At the time of the guidance, each agency had pursued several wage-related cases. The DOJ filed a civil enforcement action against the Arizona Hospital & Healthcare Association and three no-poach cases against high-tech companies (eBay and Intuit, Lucasfilm and Pixar, and Adobe, Apple, Google, Intel, Intuit, and Pixar). All resulted in consent judgments. The FTC brought a case against Debes Corp. and a case against the Council of Fashion Designers of America. These cases also ended in consent judgments.

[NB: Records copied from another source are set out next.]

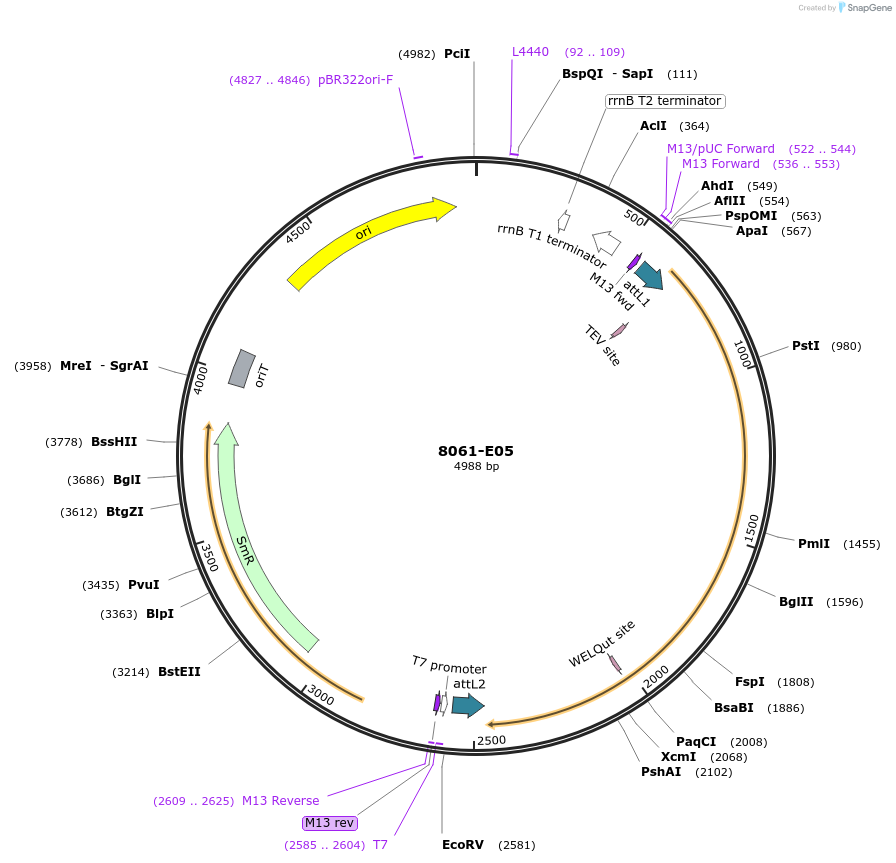 234242-plasmid-map-sequence-id-468862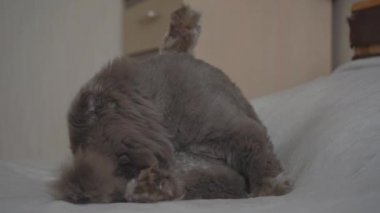 İskoç kedisi dilini yıkıyor. Happy, pençesini yalıyor. Pet yatağın üzerindeki odada dinleniyor. Mutlu sevimli hayvanlar kavramı ve evde kalmak. Sabah yıkaması ve hijyen. Bir aslana göre saç kesimi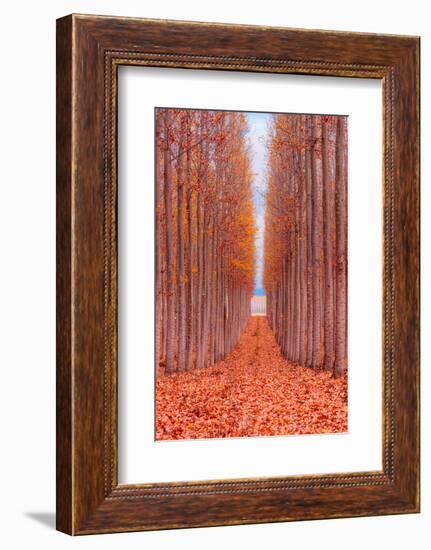 Tree Farm-Bruce Getty-Framed Photographic Print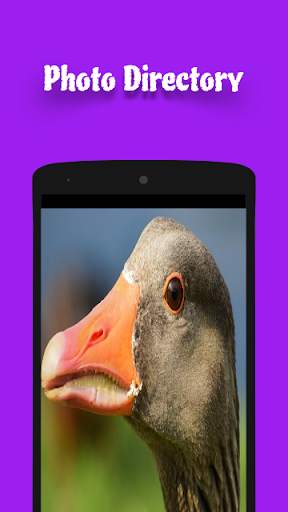 FREE PHOTOS screenshot 6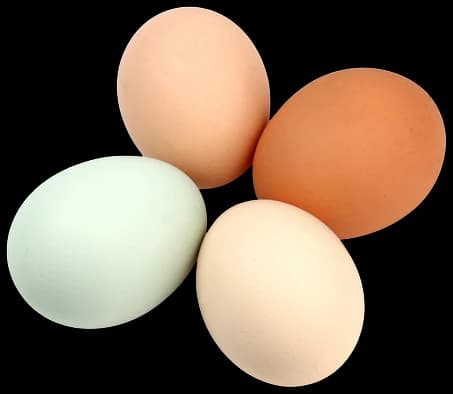 Telur ayam kampung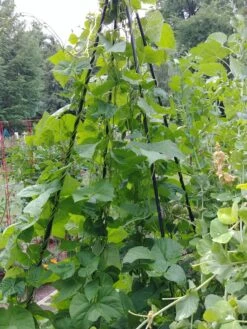 Titan Teepee Trellis 11 Titan Teepee Trellis -Garden Supplies Sales 8595757 01EMP tif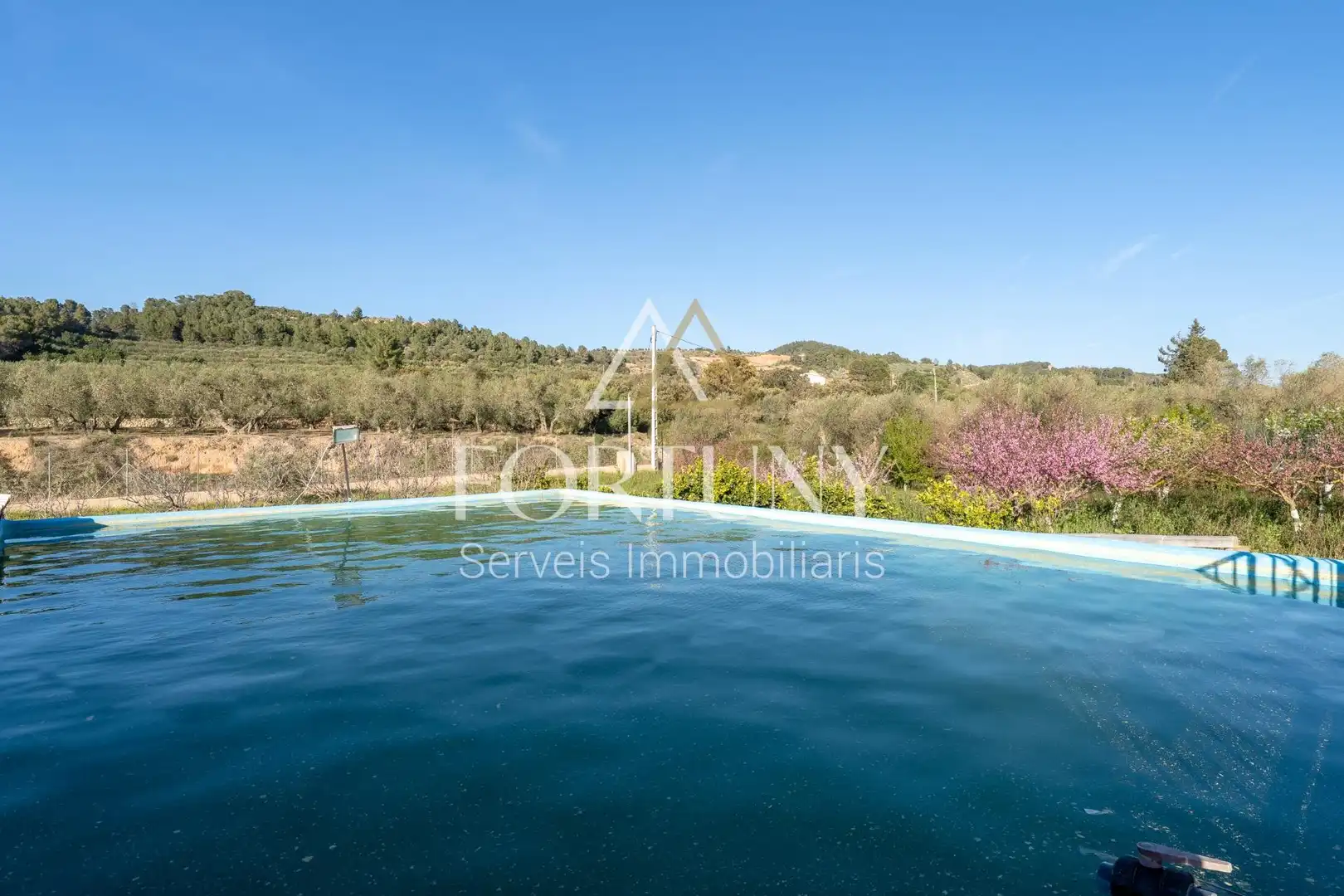 Swimming pool of Country homes for sale in L'Aleixar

The agencies have maintained their focus on unlawful no-poach agreements, particularly the DOJ. In October 2016, the DOJ announced that they intended to proceed criminally against naked no-poach and wage-fixing agreements from that point forward. In 2018, the DOJ obtained a sweeping settlement in the rail industry in U.S. V. Knorr-Bremse. The DOJ has also filed statements of interest in a number of cases in the rail industry employee market, medical school faculty member market, and fast food franchise employee market.
No-poach law is still developing through these cases. The DOJ’s view on the current state of no-poach law can be seen in its statements of interest in the fast food cases. The DOJ summarized its view of the law as follows:
the [DOJ’s Antitrust] Division argued that a franchisor and franchisee are not automatically deemed to be a single entity and can be separate entities capable of conspiring within the meaning of Section 1. The United States also argued that naked, horizontal no-poach agreements between rival employers within a franchise system are subject to the per se rule. A restriction in a franchise agreement that forbids franchisees from poaching each other’s employees, however, is subject to the rule of reason in the absence of agreement among the franchisees because it is a vertical restraint. If there is alleged agreement among the franchisees, the restraint is subject to the rule of reason so long as it is ancillary; that is, separate from, and reasonably necessary to, the legitimate franchise collaboration. Moreover, the Division argued that the “quick-look” form of rule of reason analysis is inapplicable because the court should weigh the anticompetitive effects against the procompetitive benefits of franchise no-poach agreements that qualify as either vertical or ancillary restraints.
No-poach continues to be an active area of antitrust law, along with labor competition issues in general. This seems to have led to a general trend towards employers removing restrictions that would make it more difficult for employees to seek higher wages.
The Future Ahead for No-Poach
Antitrust agencies, especially the DOJ, have been aggressive in pursuing no-poach cases. They have also been clear in communicating what types of behavior the agencies believe to be in violation of antitrust laws. This is good in many respects in terms of clarity and consistency for the business and labor communities. However, we do not yet know if courts agree with the agencies’ interpretation of the law because these cases have largely settled. If a case does go to decision, it will be interesting to find out whether the judge agrees with the agencies’ interpretation of the law. A court may end up disagreeing with the agencies, either finding conduct lawful that the agency alleges is unlawful or going further than the agencies and finding certain vertical or ancillary conduct illegal per se.